There is another related growing problem in my recent observation. As a Debian Developer, when I try to audit upstream changes before pulling them in to Debian, I find a huge amount of noise from tooling, mostly pointless. This makes it very difficult to validate the actual changes being made.

For example, an upstream bumps a version of a lint tool and/or changes style across the board. Often these are labelled "chore". While I agree it's nice to have consistent style, in some projects it seems to be the majority of the changes between releases. Due to the difficulty in auditing this, I consider this part of the software supply chain problem and something to be discouraged. Unless there's actually reason to change code (eg. some genuine refactoring a human thinks is actually needed, a bug fix or new feature, a tool exposed a real bug, or at least some identifiable issue that might turn into a bug), it should be left alone.

In Rust we have cargo vet, where we share these audits and use them in an automated fashion. Companies like Google and Mozilla contribute their audits.

I'd like to think there are ways to do this and keep things decentralized.

Things like: Once a package has more than [threshold] daily downloads for an extended period of time, it requires 2FA re-auth/step-up on two separate human-controlled accounts to approve any further code updates.

Or something like: for these popular packages, only a select list of automated build systems with reproducible builds can push directly to NPM, which would mean that any malware injector would need to first compromise the source code repository. Which, to be fair, wouldn't necessarily have stopped this worm from propagating entirely, but would have slowed its progress considerably.

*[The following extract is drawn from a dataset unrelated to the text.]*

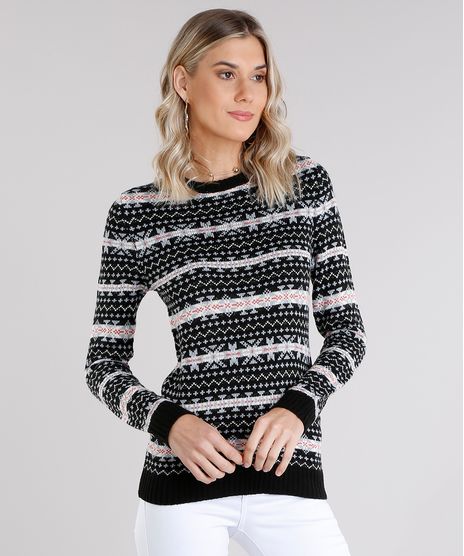 Sueter-Feminino-Estampado-Etnico-em-Trico-Manga-Longa-Decote-Redondo-Preto-8901655-Preto_1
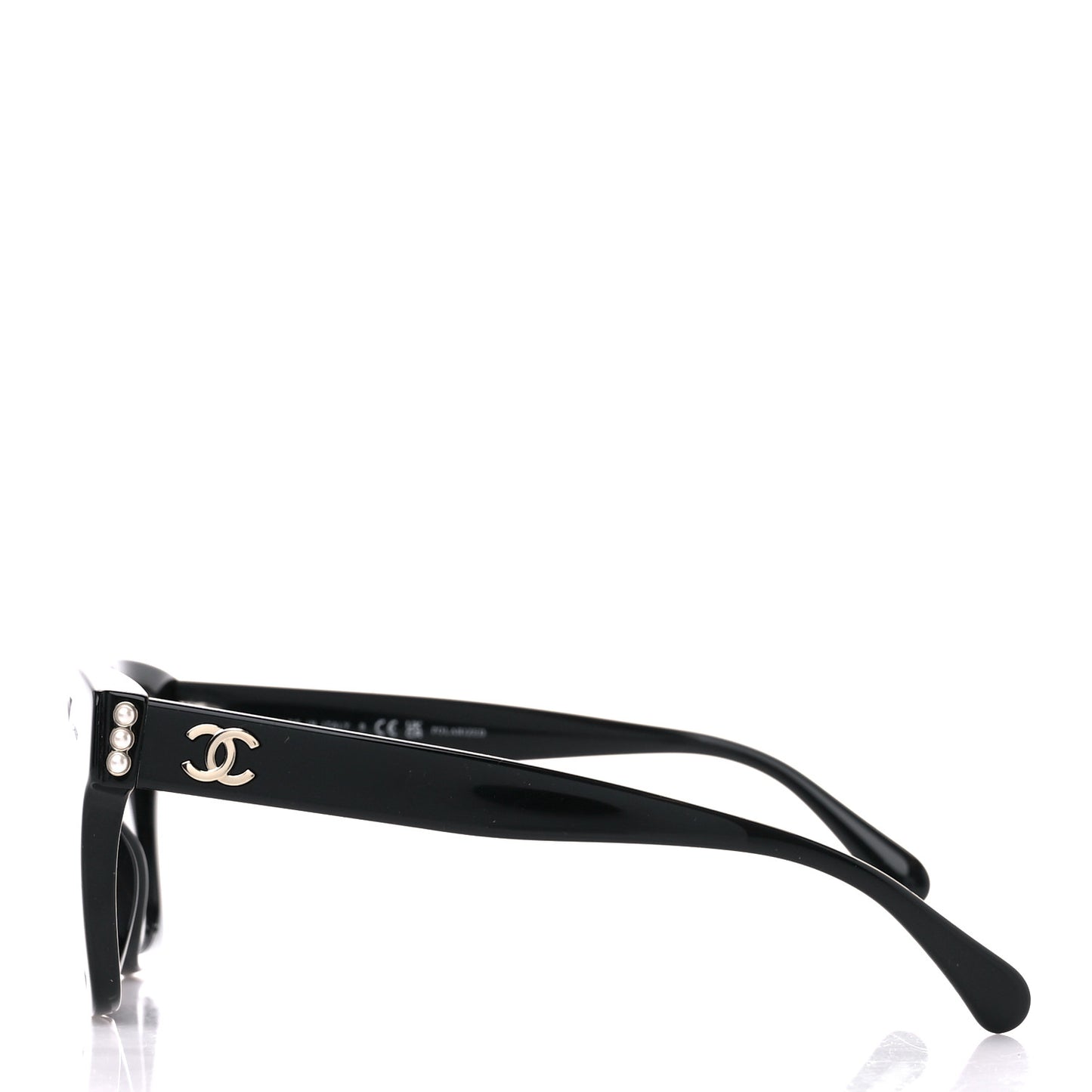 Acetate Polarized Pearl CC Square Sunglasses 5482-H Black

This isn't a "sacrifice all of NPM's DX and decentralization" question. This is "a marginally more manual DX only when you're at a scale where you should be release-managing anyways."

To be clear, Debian does not audit code like you might be suggesting they do. There are checks for licensing, source code being missing, build reproducibility, tests and other things. There is some static analysis with lintian, but not systematically at the source code level with tools like cppcheck or rust-analyzer or similar. Auditing the entirety of the code for security issues just isn't feasible for package maintainers. Malware might be noticed while looking for other issues, that isn't guaranteed though, the XZ backdoor wasn't picked up by Debian.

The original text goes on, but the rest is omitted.